Report: Post-Recession Cleveland is in Worse Economic Shape than Detroit, or Anywhere Else

click to enlarge Report: Post-Recession Cleveland is in Worse Economic Shape than Detroit, or Anywhere Else
Photo courtesy of Berniethomas68 via Wikimedia Commons
File this away in the "Surprising and Troubling" folder of your brain. 

Although there are a lot of tangibles that suggest otherwise — LeBron is back! Downtown is under construction! The Republican National Convention! Did we say LeBron! — the region is still struggling to regain economic footing after the global economy imploded with the Great Recession. The extent, however, of that struggle might be alarming to you. The New York Times is reporting on a new study that places Cleveland firmly at the bottom of the heap. 

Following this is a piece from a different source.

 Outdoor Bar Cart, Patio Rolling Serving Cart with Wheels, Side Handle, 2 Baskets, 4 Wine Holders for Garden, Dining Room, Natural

The new number crunch, performed by the Economic Innovation Group, focused on the recovery numbers across the country from 2009 to 2013 , zeroing in even on the zip-code level. The result is the Distressed Communities Index. 

For all its wizbang economic projects and momentum, Cleveland was tallied the second highest number on the index. The 216 region scored a 99.9 on the group's metrics. 76.8 percent of Cleveland's population resides in distressed zip codes. Only Camden, NJ topped higher on the list with a perfect 100 on the index and 99.8 percent of the population in distressed areas. 

It's a grim rundown. By the report's metric, Cleveland sits in the number two seat on a list that includes other places like Gary, IN (#3), Youngstown, OH (#4), Flint, MI (#9), and Detroit (#10). 

So how are these statistic being measured? Seven metrics contributed to the ranking: 

— Percent of the population above 25 without a high school degree; 
— Percent of unoccupied housing that's habitable; 
— Slice of the population out of work;
— Percent of the population under the poverty line; 
— Median home income; 
— Changes in employment figures between 2010 and 2013; 
— Change in the number of businesses between 2010 and 2013

The real gut-punch here is how this tracks nationally. Post-recession, the parts of the country that were better off to begin with shot back to economic prosperity, and even jumped to higher levels. The bottom of the group — C-Town included — have been left behind.